### INPUT
+--

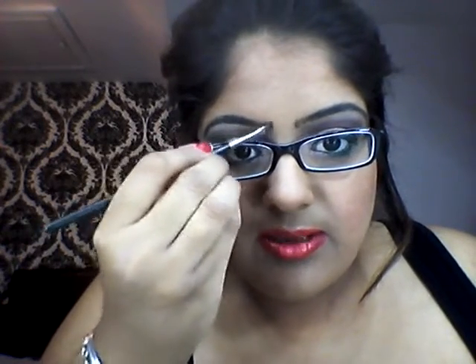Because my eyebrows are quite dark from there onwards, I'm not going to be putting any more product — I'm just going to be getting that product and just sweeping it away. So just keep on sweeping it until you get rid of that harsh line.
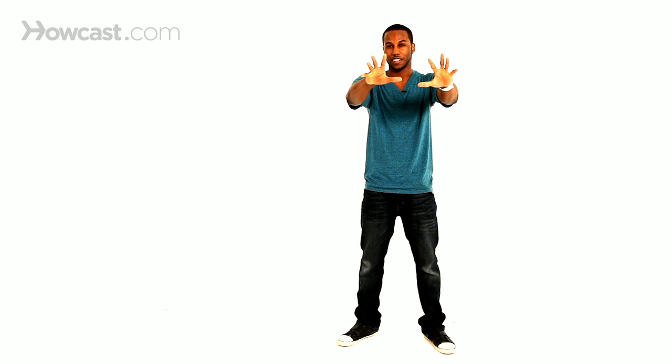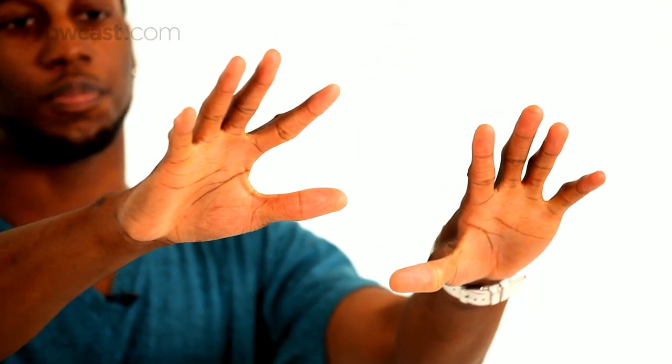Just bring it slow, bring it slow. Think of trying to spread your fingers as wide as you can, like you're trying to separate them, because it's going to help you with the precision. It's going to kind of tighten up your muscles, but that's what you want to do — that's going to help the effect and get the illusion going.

+--

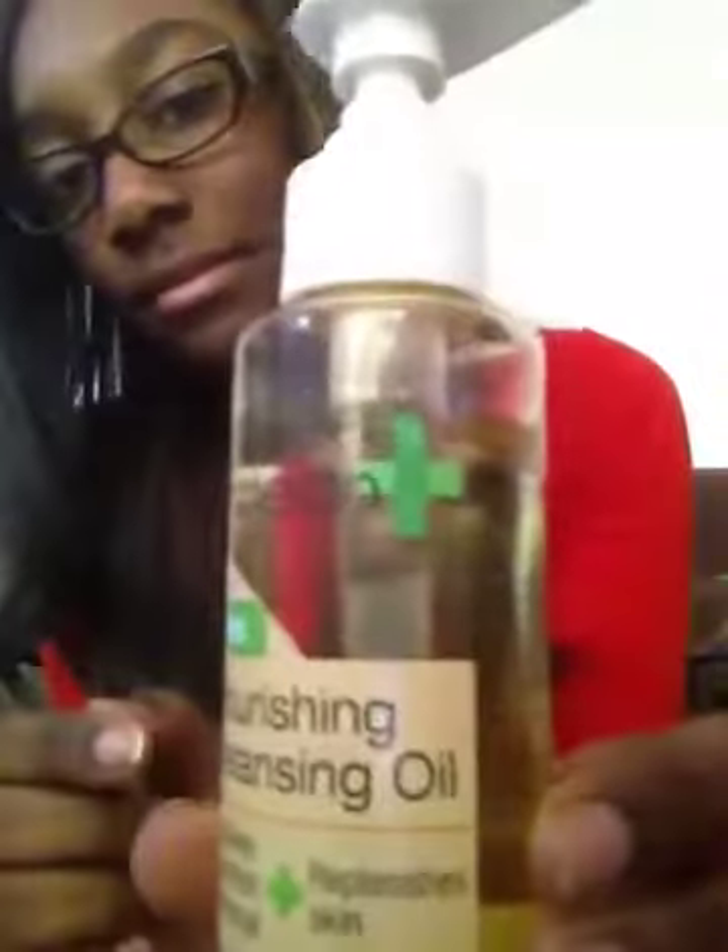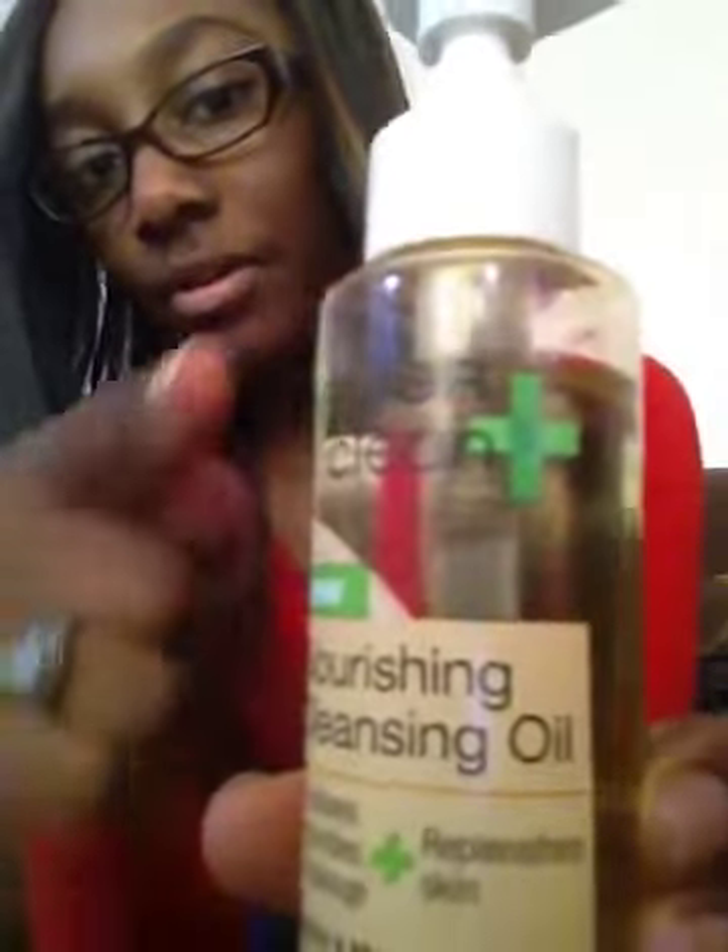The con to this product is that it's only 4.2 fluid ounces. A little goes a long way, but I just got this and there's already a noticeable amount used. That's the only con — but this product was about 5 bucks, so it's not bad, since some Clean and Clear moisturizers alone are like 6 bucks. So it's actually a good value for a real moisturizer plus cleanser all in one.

+--

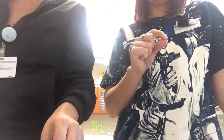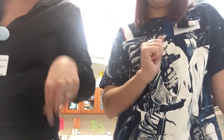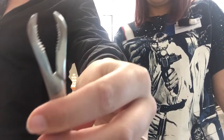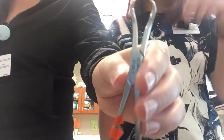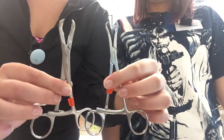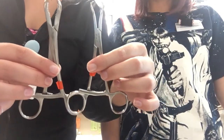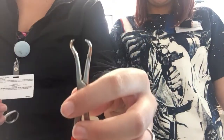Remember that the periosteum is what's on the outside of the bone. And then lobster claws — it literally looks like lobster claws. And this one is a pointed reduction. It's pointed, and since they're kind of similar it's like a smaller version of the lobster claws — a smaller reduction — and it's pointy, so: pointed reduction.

+--

### WHAT YOU SHOULD DO
The result should be an exact copy of only the lines above from the one that holds "Because my eyebrows" through the one that holds "Just bring it", both ends included, without pictures.

### SOLUTION TO THE EXERCISE
Because my eyebrows are quite dark from there onwards, I'm not going to be putting any more product — I'm just going to be getting that product and just sweeping it away. So just keep on sweeping it until you get rid of that harsh line.
Just bring it slow, bring it slow. Think of trying to spread your fingers as wide as you can, like you're trying to separate them, because it's going to help you with the precision. It's going to kind of tighten up your muscles, but that's what you want to do — that's going to help the effect and get the illusion going.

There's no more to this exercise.